Units encode physics and serve as a type system for understanding the physical world.
Been thinking about that concept for a while now. It sounds clean. Maybe too clean——definitely worth consideration.
Naked Numbers
Most calculation happens with naked numbers. A value gets passed around, multiplied, divided, accumulated the meaning of that value lives entirely in someone's head. This one is kilogram. That one is meters per second. The output should be... newtons, I think?
The arithmetic doesn't know. It multiplies with the same indifference whether you hand it a mass or a temperature. This works until it doesn't. The Mars Climate Orbiter is a canonical example: pound-seconds versus newton-seconds, a mismatch invisible to the math, visible only in a crater. But you don't need to go to space to find this failure mode. Medical dosing, structural engineering, financial models——any domain where quantities compose. The number is right. The meaning is wrong.
What's missing is a layer between the numbers and their interpretation. A layer that carries meaning with the value rather than alongside it.
Dimensions as Types
Here's what I find beautiful about units: they form an algebra.
Meters divided by seconds gives you meters-per-second. That's not a convention someone decided on. It's a structural fact about the relationship between length and time. Multiply meters-per-second by seconds and the time dimension cancels, leaving you with meters again. The dimensions participate in arithmetic right alongside the magnitudes. They have their own rules; their own logic.
This is dimensional analysis, and it's been around since Fourier. Physicists lean on it constantly——checking that both sides of an equation carry the same dimensions is often the fastest way to catch a mistake. But I think it's deeper than a debugging technique. Dimensional analysis tells you something about what kinds of operations are meaningful. You can add meters to meters. You cannot add meters to kilograms. That's not a rule someone imposed from the outside. It's a consequence of what those quantities represent.
If you've ever worked with a statically typed language, this should sound familiar. Types constrain the set of legal operations. You can't pass a string where a function expects an integer——not because someone thought it would be fun to restrict you, but because the operation doesn't mean anything in that context. The compiler catches it before runtime; before consequences.
Dimensions do the same thing for physical quantities. They're the type system of the physical world.
What the Type System Buys You
In programming, the pitch for static types is that they make a category of mistake unrepresentable. You don't have to remember to check that a value is the right kind. The structure checks for you.
Dimensional analysis offers the same guarantee. If you're computing a force and your intermediate result has dimensions of length squared over time, something has gone wrong and you know it immediately, without running the experiment, without launching the spacecraft. The dimensions told you.
But there's a subtler benefit. Types don't just prevent errors. They communicate intent. When a function signature says it takes a velocity and returns a distance, you learn something about what that function does before reading a single line of its implementation. The types narrate the physics.
Units work the same way.
The equation F = ma doesn't just happen to produce the right number.
Its dimensional signature——[M·L·T⁻²] = [M]·[L·T⁻²]——tells you why force is what it is. It's the thing you get when mass meets acceleration.
The units aren't annotation.
They're explanation.
The Semantic Layer
I keep coming back to this phrase: semantic layer.
In data engineering, a semantic layer maps raw data to business meaning——it's the thing that turns column rev_q3_adj into "Q3 Adjusted Revenue" and ensures it gets aggregated correctly.
It sits between storage and interpretation.
Units serve exactly this role for calculation. They sit between raw arithmetic and physical meaning. Without them, you have numbers. With them, you have quantities——values bound to the dimensions they inhabit, constrained to combine only in ways that make physical sense.

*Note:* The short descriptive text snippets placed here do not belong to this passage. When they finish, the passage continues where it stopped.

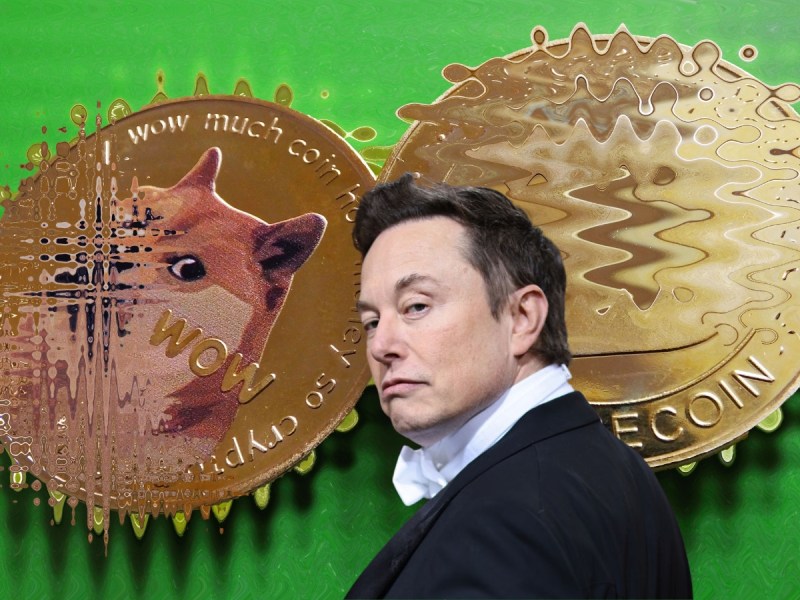 Elon Musk Dogecoin (DOGE)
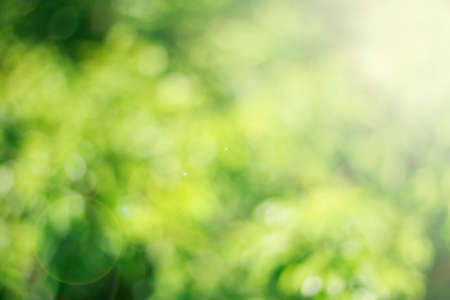 Abstract green blurred bokeh background.の写真素材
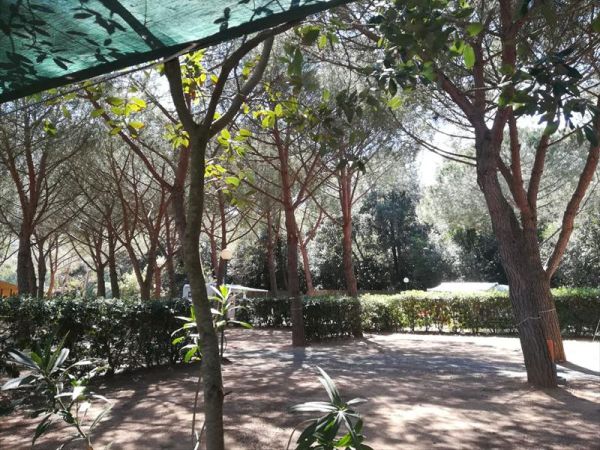 Club del Sole Stella del Mare Family Camping Village - foto 46648.jpg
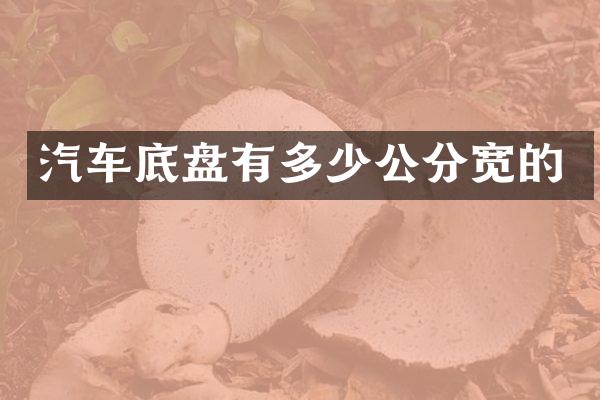 汽车底盘有多少公分宽的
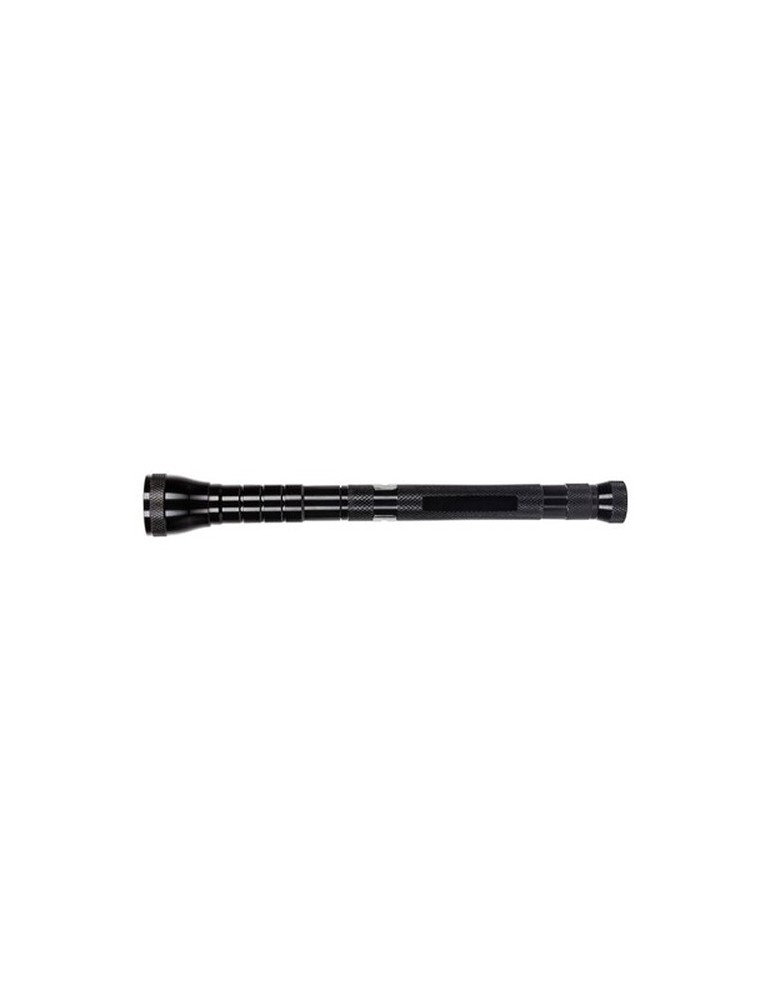 Torche COB | Scout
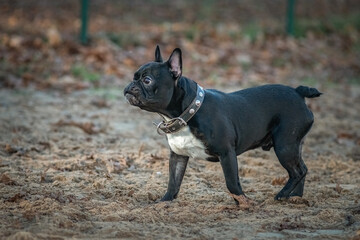 Young beautiful purebred French bulldog on a walk in the spring park.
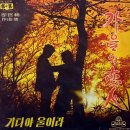 가을의 연인 - 태원 / (1968) 이미지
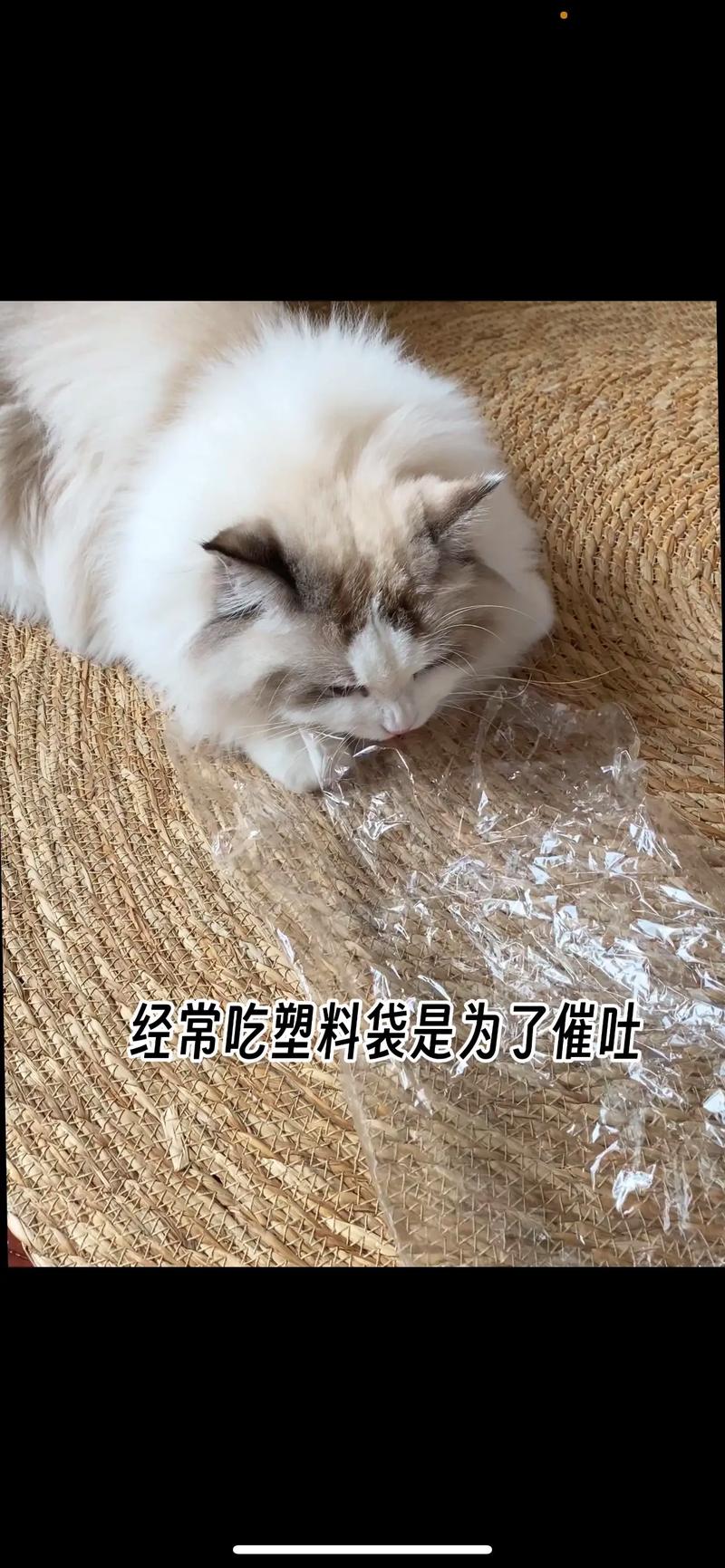 猫咪吃塑料袋多久排泄_猫吃塑料袋多久能判断是否没事-第5张图片-后鲨宠物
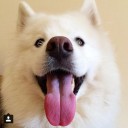 สมาชิกหมายเลข 2745903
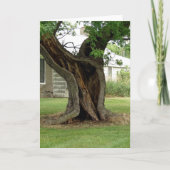 Holle Tree Kaart (Voorkant)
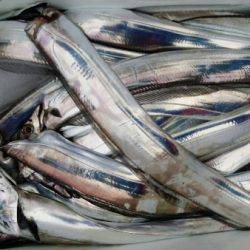 オーフリー 釣果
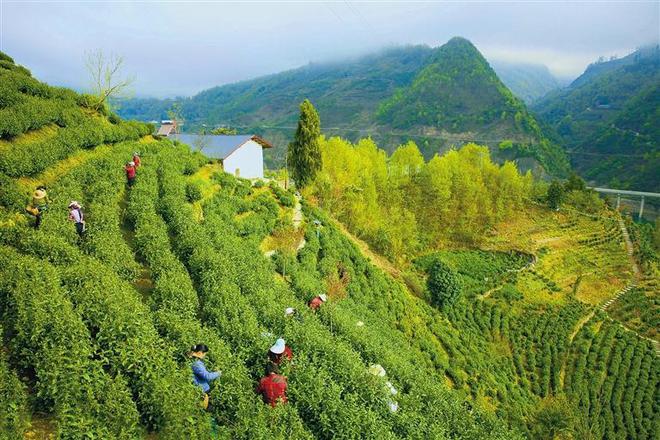 陕西茯茶富硒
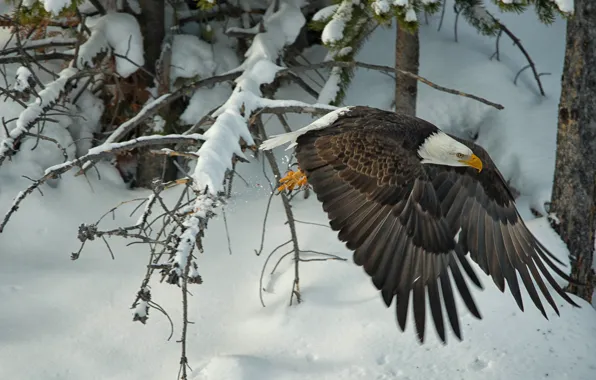 Picture winter, snow, trees, bird, wings, hawk, Bald eagle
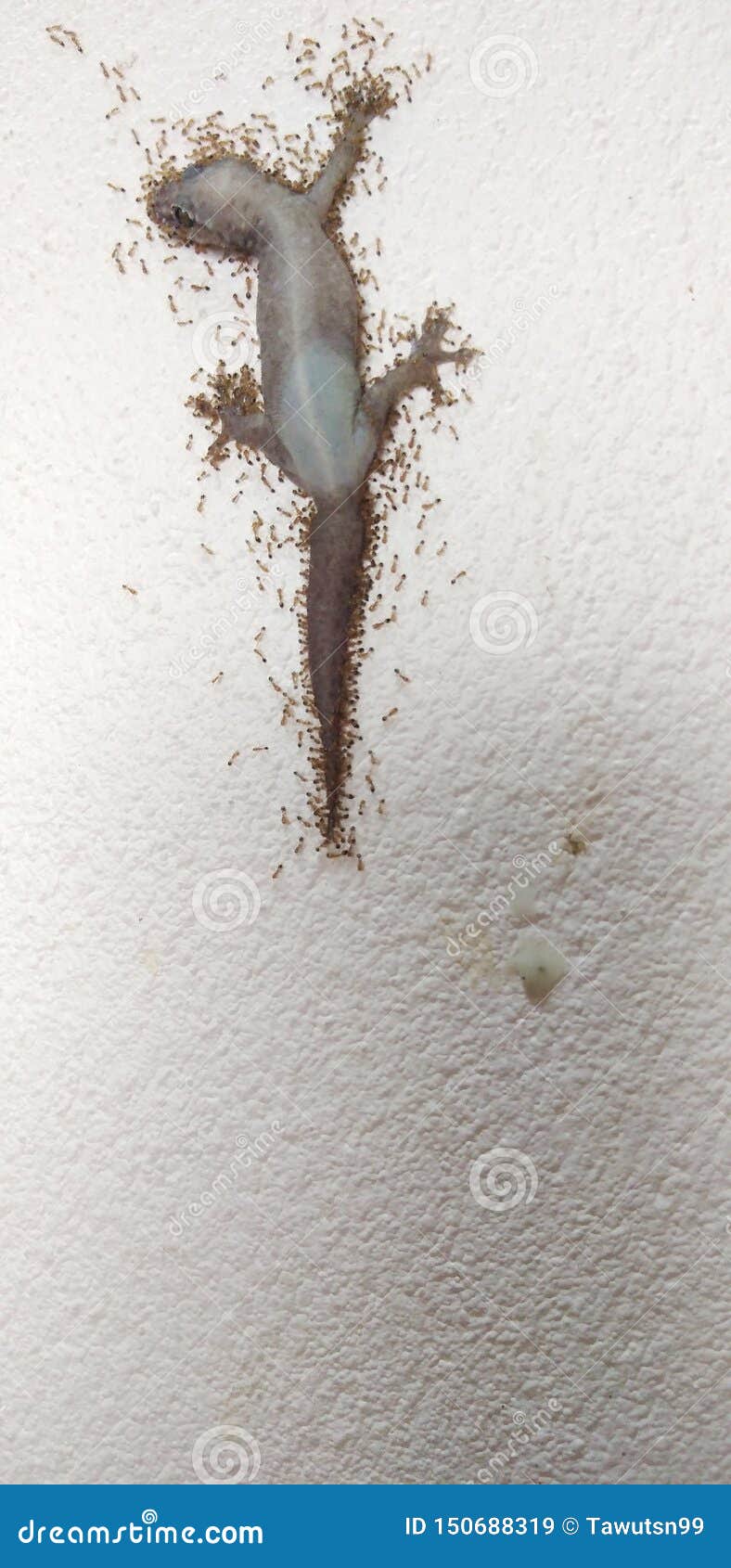 Lizard that Died in Hot Weather Stock Image Image of lizards, nature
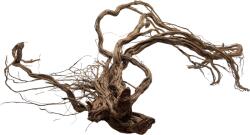INVITAL Dragon wood 90-120cm (ID Z03519)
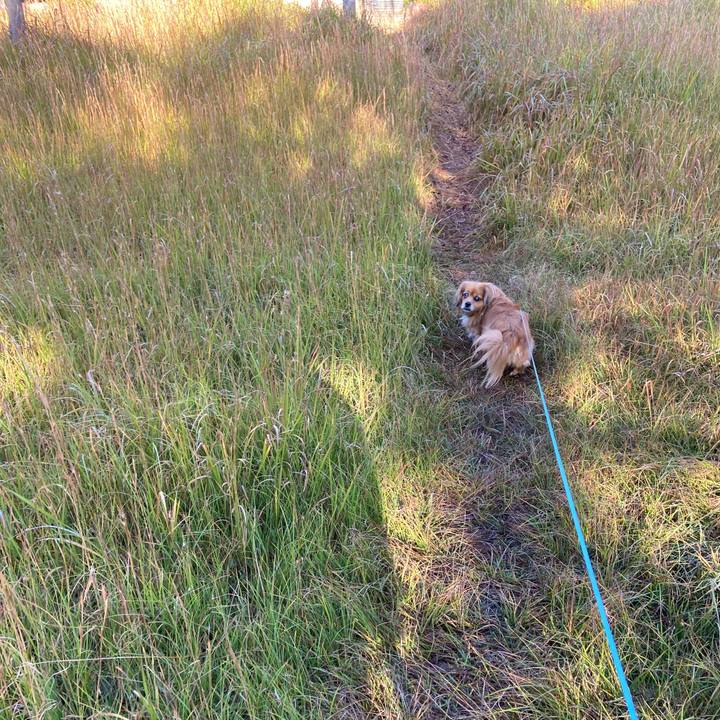 840d1431 fce1 45db b51a 55294b2253fc 1669512769026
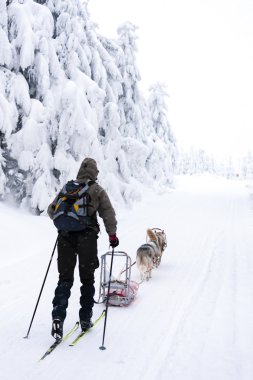 Sedivacek 'in uzun, Çek Cumhuriyeti kızak yarışı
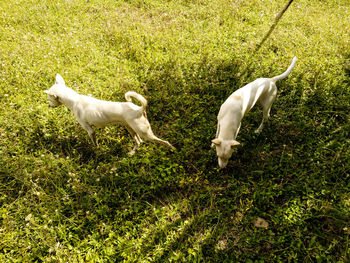 Dogs standing on grass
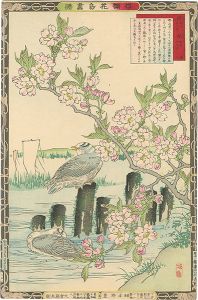 楳嶺花鳥画譜　桜と鴎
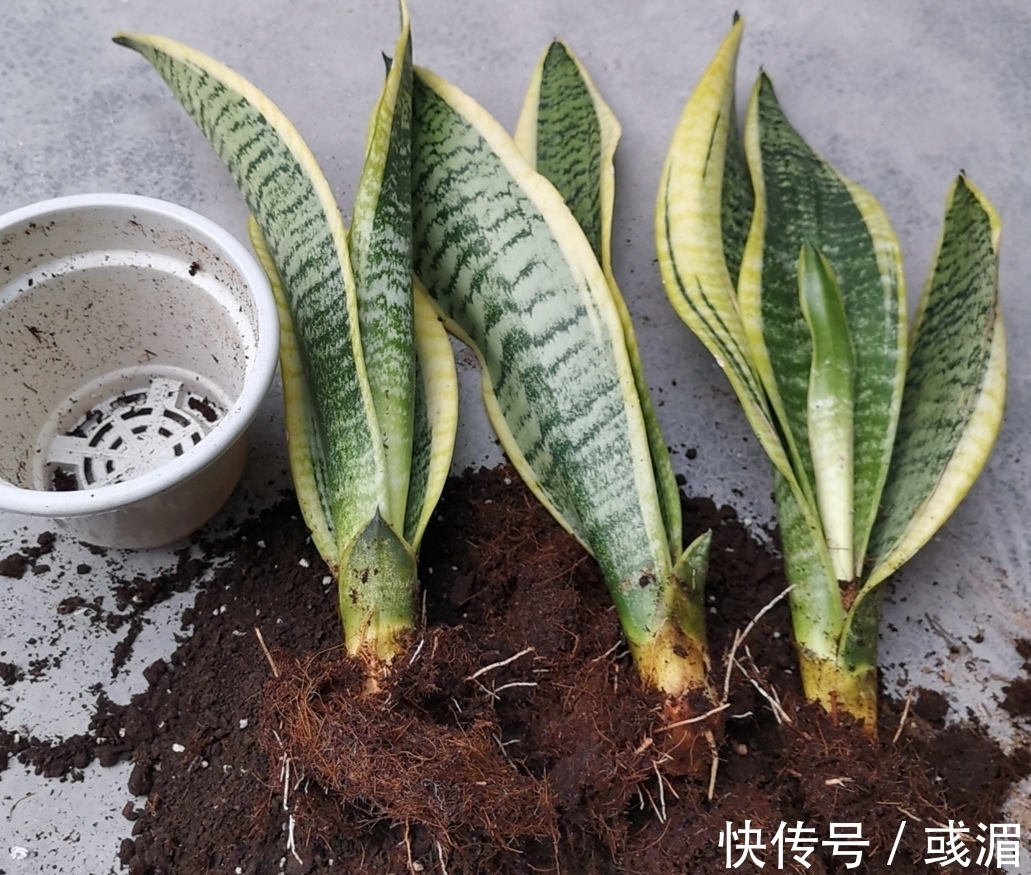 虎皮兰漂亮又好养,只要记住几个养护要点,长得旺盛,叶子亮丽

And the remarkable thing is that this semantic layer is algebraic. It's not a lookup table or a set of ad hoc rules. It's a coherent formal system where dimensions compose, cancel, and transform according to the same operations you're already performing on the magnitudes. The semantics ride for free on the structure of the math itself.
Making the Implicit Explicit
The tragedy, if it's fair to call it that, is how often this layer goes unspoken. We teach students the formulas. We drill the arithmetic and we leave the dimensional reasoning as folk knowledge——something experienced practitioners carry in their heads but rarely formalize.
Every number in a physical calculation is spoken for. It belongs to a dimension. It carries a unit. That's not metadata. That's the meaning.
The type system has been there all along. We just haven't always bothered to acknowledge it.